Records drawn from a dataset
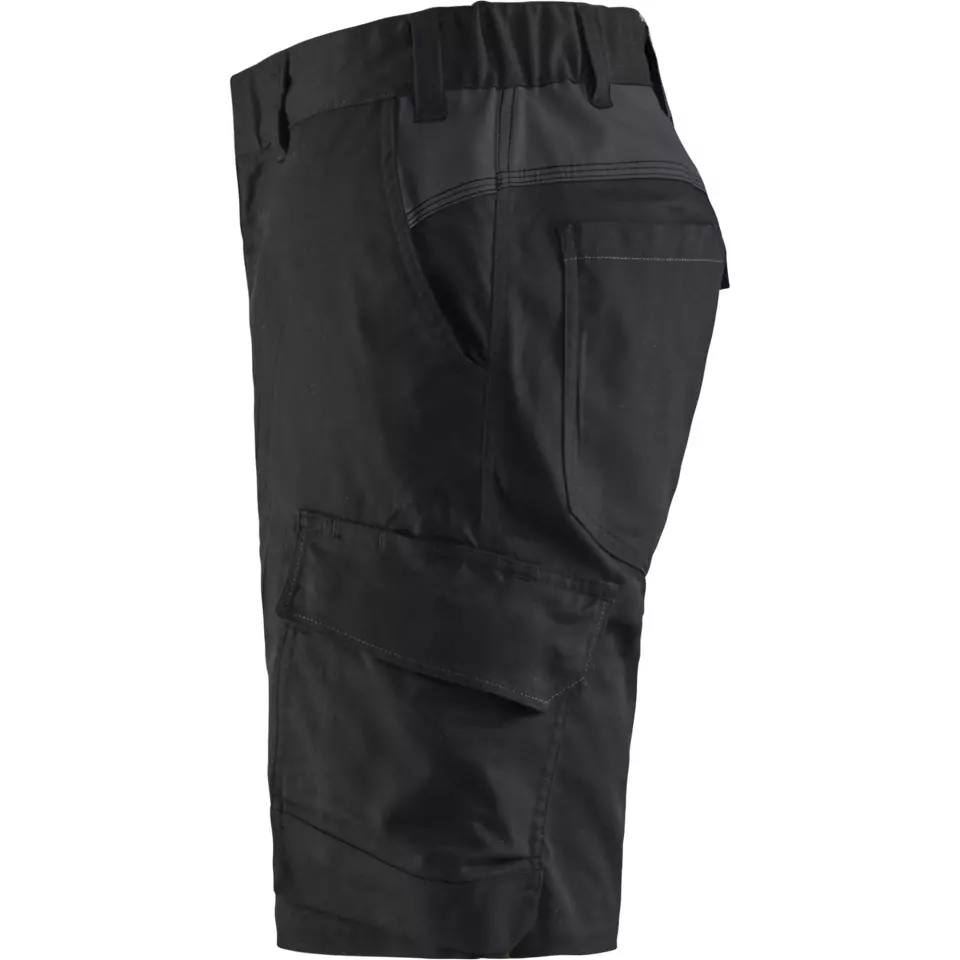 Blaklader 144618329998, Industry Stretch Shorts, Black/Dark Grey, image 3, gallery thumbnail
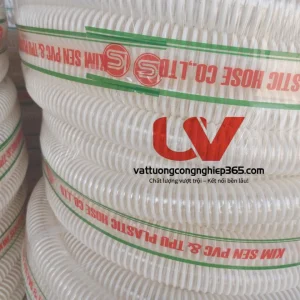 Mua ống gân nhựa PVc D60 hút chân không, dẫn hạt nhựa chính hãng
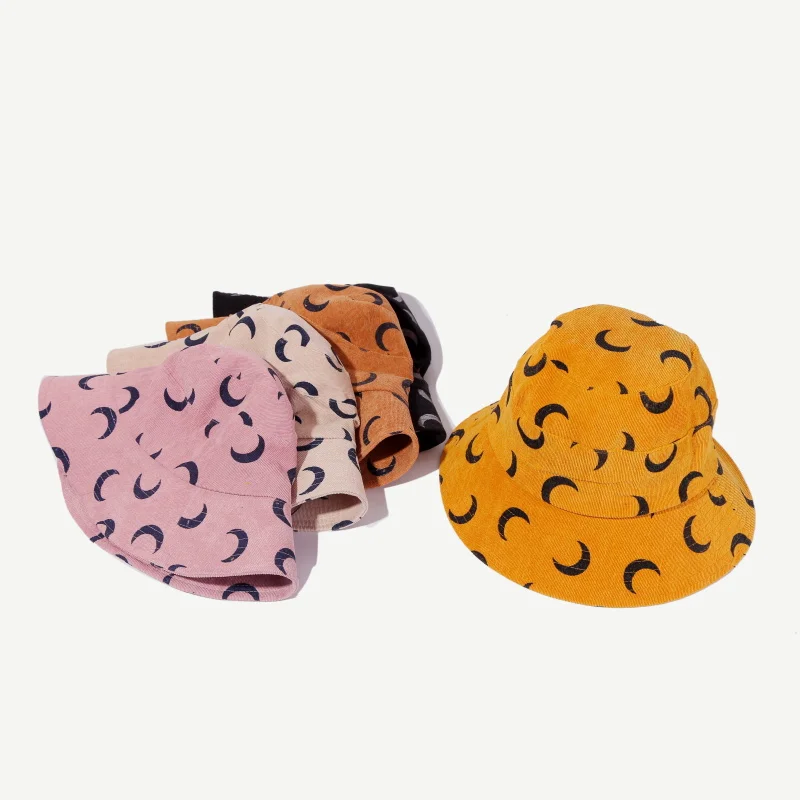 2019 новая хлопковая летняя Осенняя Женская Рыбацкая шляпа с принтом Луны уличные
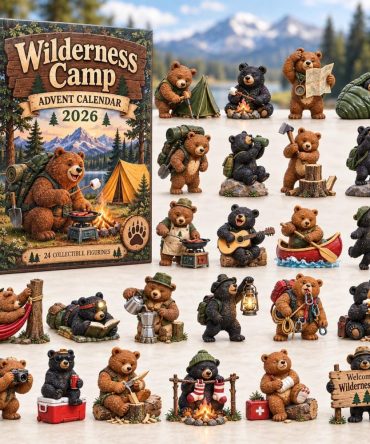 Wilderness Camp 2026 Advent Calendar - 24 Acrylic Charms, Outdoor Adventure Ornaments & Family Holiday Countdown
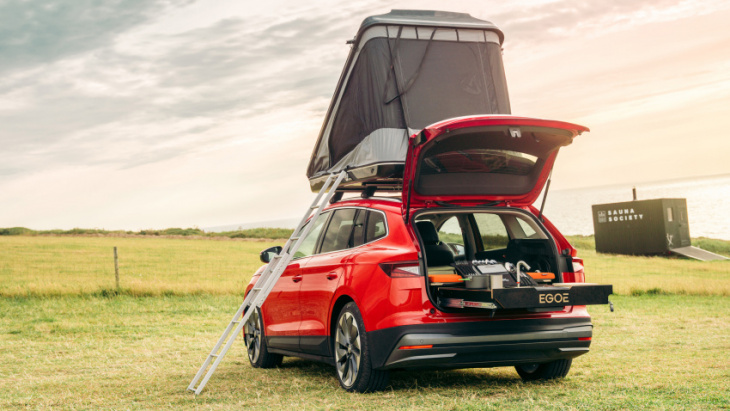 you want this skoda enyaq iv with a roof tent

Task to complete: Only the lines from the one containing "2019 новая хлопковая" through the end of the data above are to be output, exactly and without pictures.

Result below:
 2019 новая хлопковая летняя Осенняя Женская Рыбацкая шляпа с принтом Луны уличные
 Wilderness Camp 2026 Advent Calendar - 24 Acrylic Charms, Outdoor Adventure Ornaments & Family Holiday Countdown
 you want this skoda enyaq iv with a roof tent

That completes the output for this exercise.